I am wondering, as matthios was, what medications you are on? If it is lorazepam or ANY other form of Benzodiazepines (xanax, valium, klonopin, ativan...) please read this!
My husband has complex PTSD. He was prescribed lorazepam and temazepam for it in 2010. If you don't know, studies on lorazepam have found that it is only to be used over a period of four months at the most. My husband was on it until November 5 of 2012. Towards the end of his period on lorazepam, the dosage he was taking was upped in response to tragedies happening in our lives. Almost immediately after his medication dose was upped, he started having the exact dissociation episodes you talk about. There would be a small trigger and a few minutes later he wouldn't know who I was, or think he was years back unable to control himself. Hours later or even the next day when he would come out of these episodes, he would have no recollection of what had just taken place. In a period of four months, he was admitted to the hospital on six separate occasions, as well as numerous police calls that did not end in a hospital stay and episodes that were dealt with as best as possible on our own. On October 31st, my husband had a dissociative episode after his childhood past was brought up. During the episode, he took the entire bottle of his Ativan which was filled that day and wrote a suicide note. We did not know he had done this or even that he had the Lorazepam on him but fortunately due to the nature of his dissociation the police were called in time to save his life.
He was admitted to the Mental wing in the Veterans hospital a day later. What we found out there has changed everything.
My mother-in-law and I went to talk to his doctor stating that we didn't want him to be released until he was going to be safe and things were going to get better.

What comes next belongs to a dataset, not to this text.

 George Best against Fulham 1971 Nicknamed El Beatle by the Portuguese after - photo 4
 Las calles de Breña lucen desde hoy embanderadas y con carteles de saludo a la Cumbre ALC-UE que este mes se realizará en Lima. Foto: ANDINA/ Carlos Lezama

We also talked to him about the thought that my husband might have an addiction problem to the lorazepam. In an off-hand note, the doctor stated the lorazepam may be the cause of his episodes. We looked up information online and what we found was disturbing. A day later, the doctors took my husband off of lorazepam and after a week without, it was like a switch was flipped. My husband has not had a single dissociation episode in the entire month he has been off of the medication. Life as we knew it, has been able to start again. He still struggles with symptoms of PTSD but in his words, "Compared to what was happening before, the issues I struggle with now are at least bearable and I know I can overcome them instead of a heavy blanket that overwhelms everything."
This is a brief note as I am trying to summarize, but my husband was to the point of suicide on these medications and the medical studies behind the benzodiazepines support that it wasn't my husband going crazy or just his PTSD symptoms. Please read the article Benzodiazepines: What they do in the body by Professor C H Ashton, Institute of Neuroscience, Newcastle University in the UK. I cannot stress how important this information may be to you.